From the line containing "#fajateloco #FEMEBE #salelebatazo" through the last line of the entries below, print each line exactly. Pictures stay out.

+ + +

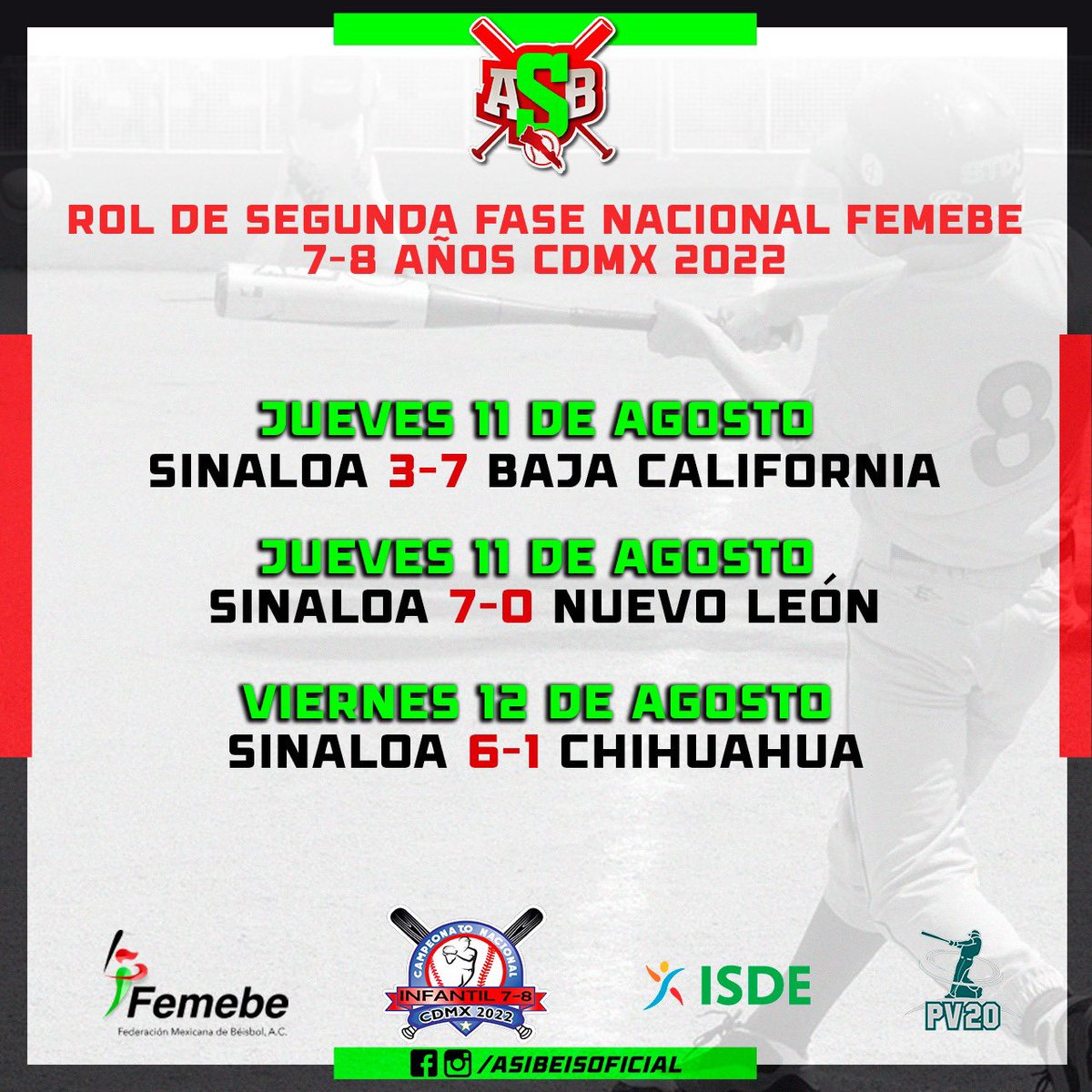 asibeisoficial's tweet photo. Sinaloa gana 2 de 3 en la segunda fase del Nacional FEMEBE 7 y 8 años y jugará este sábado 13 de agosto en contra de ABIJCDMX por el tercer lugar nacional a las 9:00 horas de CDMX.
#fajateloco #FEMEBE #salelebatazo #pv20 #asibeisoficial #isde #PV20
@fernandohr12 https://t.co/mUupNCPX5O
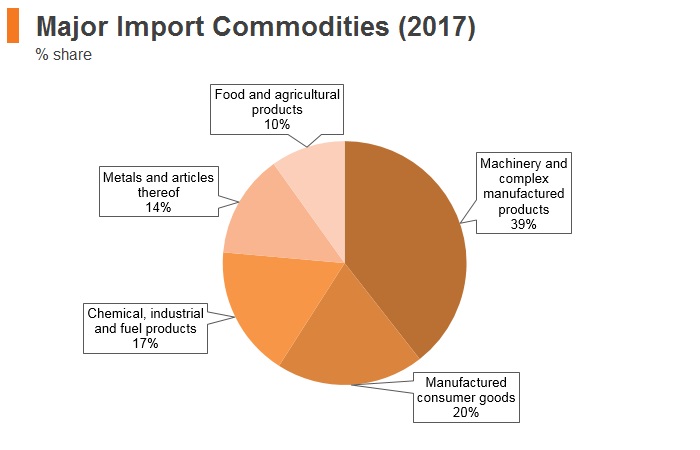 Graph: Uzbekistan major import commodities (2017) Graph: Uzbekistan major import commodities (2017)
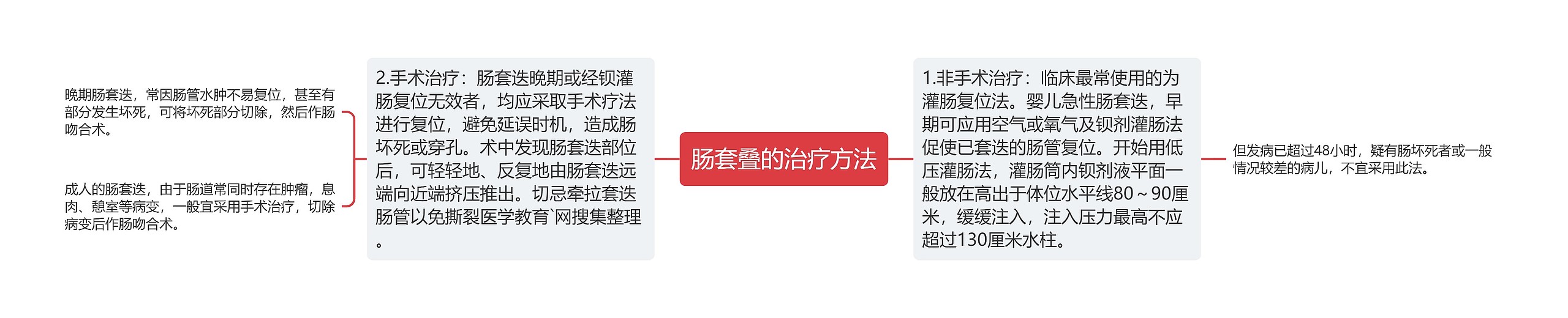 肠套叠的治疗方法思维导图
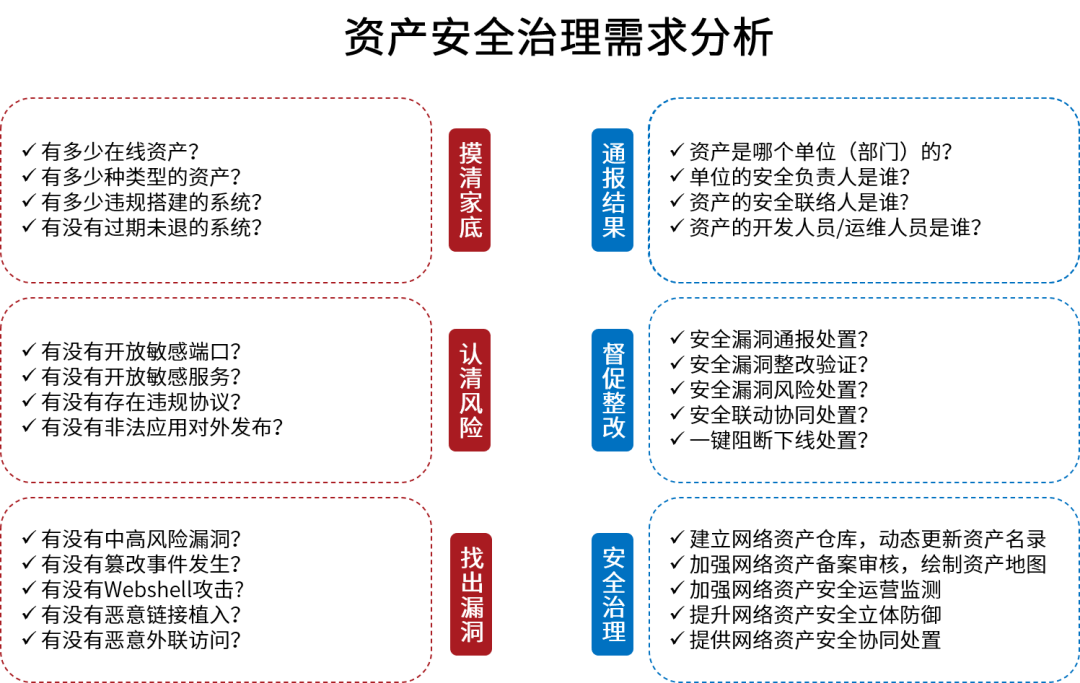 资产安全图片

+ + +

> Expected answer
#fajateloco #FEMEBE #salelebatazo #pv20 #asibeisoficial #isde #PV20
@fernandohr12 https://t.co/mUupNCPX5O
 Graph: Uzbekistan major import commodities (2017) Graph: Uzbekistan major import commodities (2017)
 肠套叠的治疗方法思维导图
 资产安全图片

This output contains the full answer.